[Data supplied]:

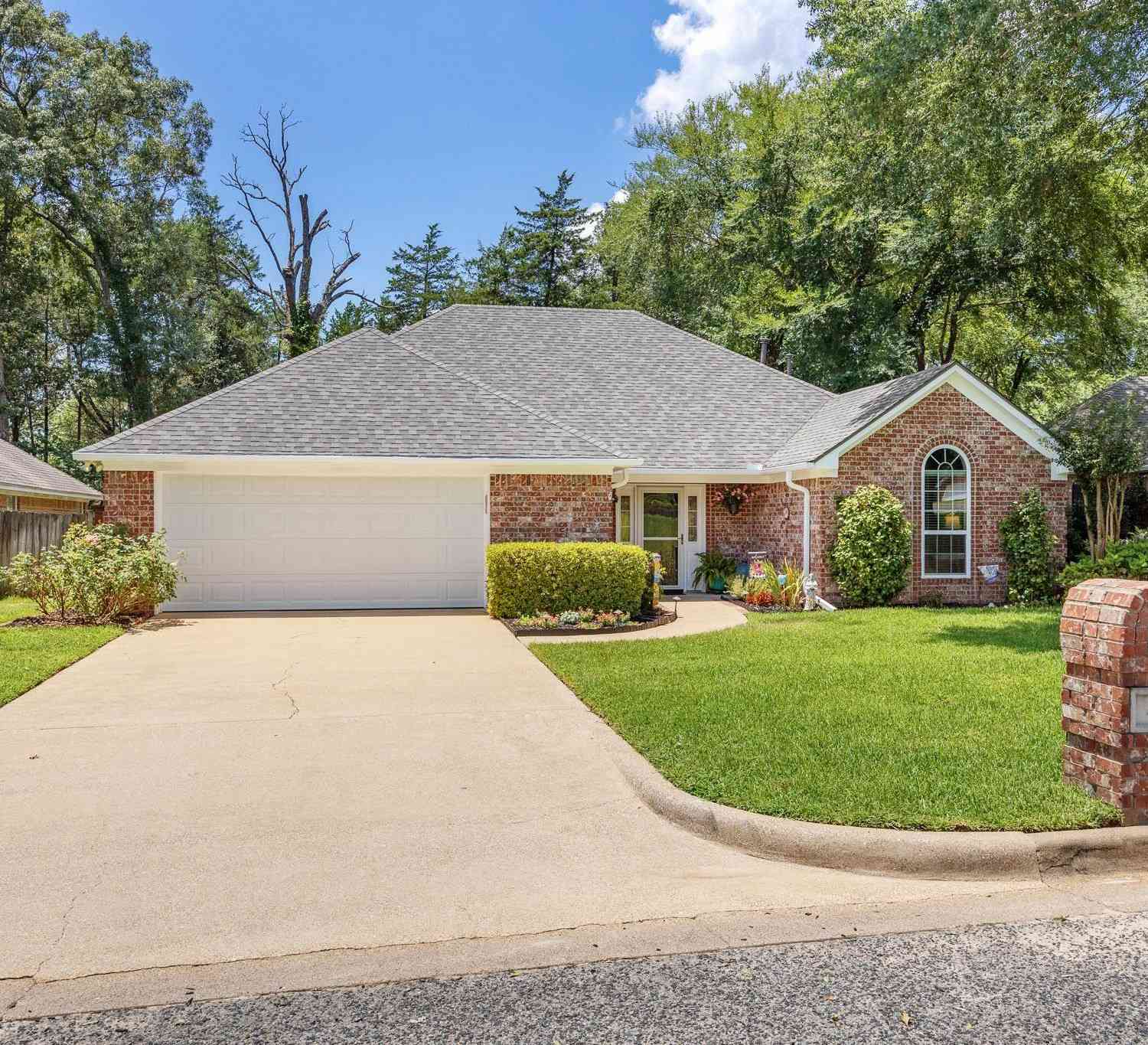 Homes For Sale - 4109 Stone Brook Ln<br/> Smith County, Tyler, TX 75707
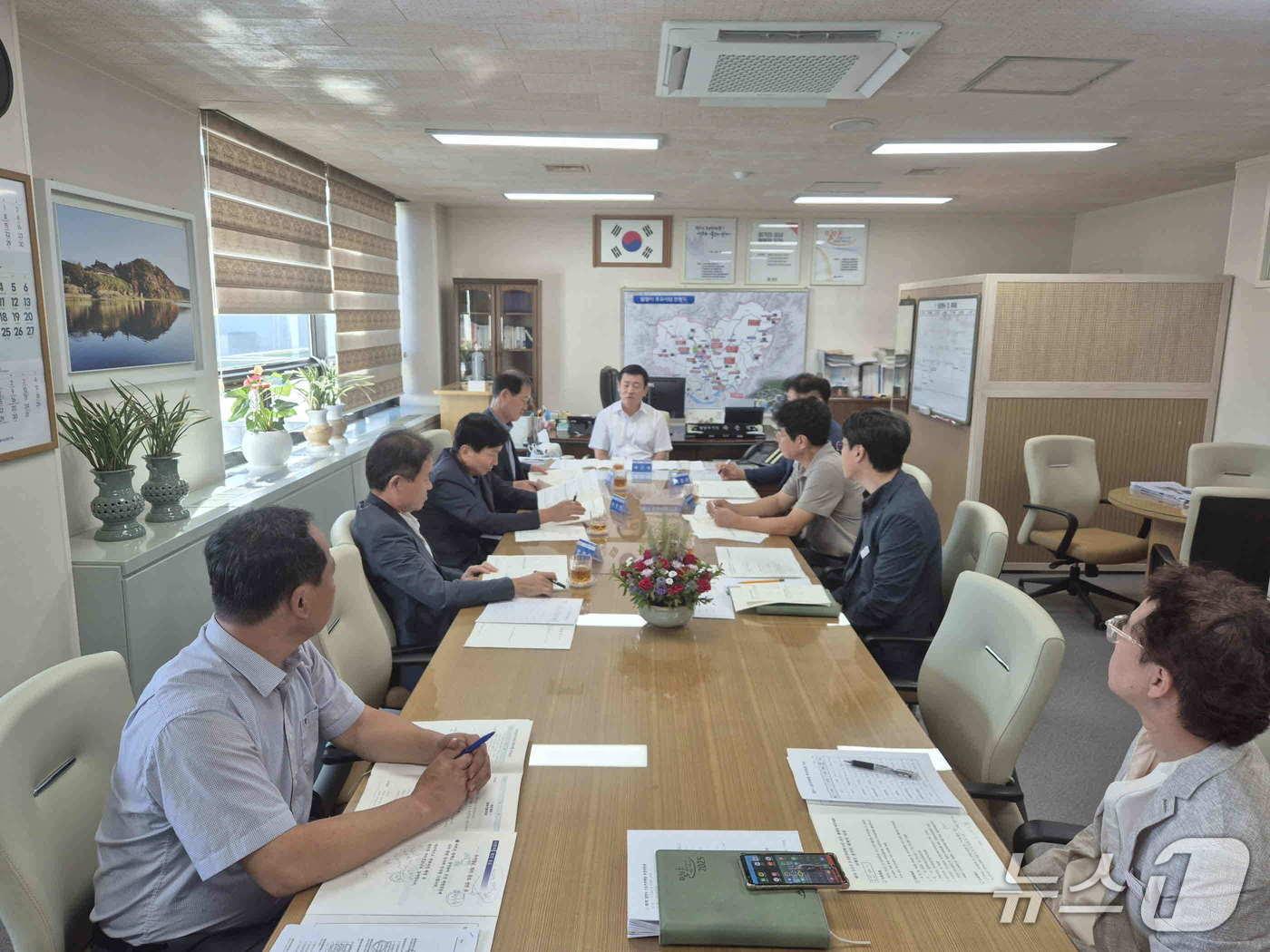 본문 이미지 - 밀양시가 24일 부시장실에서 제1회 스포츠마케팅 추진위원회 회의를 열고 있다.(밀양시 제공. 재판매 및 DB금지)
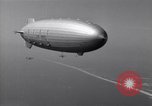 Standbild N2Y-1 Ausbildung Flugzeuge Praxis hookup mit USS Akron New Jersey United States USA, 1932, aus Sekunde 4 historischem Filmmaterial Videoclip 65675031700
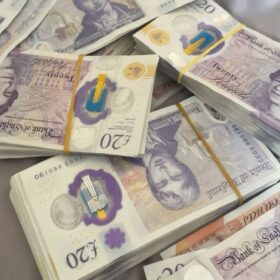 Banknote security features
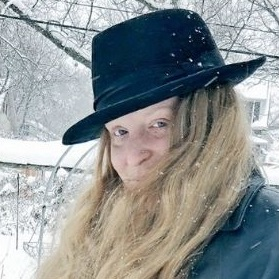 In just 15 minutes the awesome Malda Marlys will be doing a reading at #Flights2025! Come check it out! There’s still time to register if you haven’t yet: flights-of-foundry.org/registration/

[Task goal]:
Each record above is to be restated exactly, with its pictures removed from the copy.

[Solution]:
 Homes For Sale - 4109 Stone Brook Ln<br/> Smith County, Tyler, TX 75707
 본문 이미지 - 밀양시가 24일 부시장실에서 제1회 스포츠마케팅 추진위원회 회의를 열고 있다.(밀양시 제공. 재판매 및 DB금지)
 Standbild N2Y-1 Ausbildung Flugzeuge Praxis hookup mit USS Akron New Jersey United States USA, 1932, aus Sekunde 4 historischem Filmmaterial Videoclip 65675031700
 Banknote security features
 In just 15 minutes the awesome Malda Marlys will be doing a reading at #Flights2025! Come check it out! There’s still time to register if you haven’t yet: flights-of-foundry.org/registration/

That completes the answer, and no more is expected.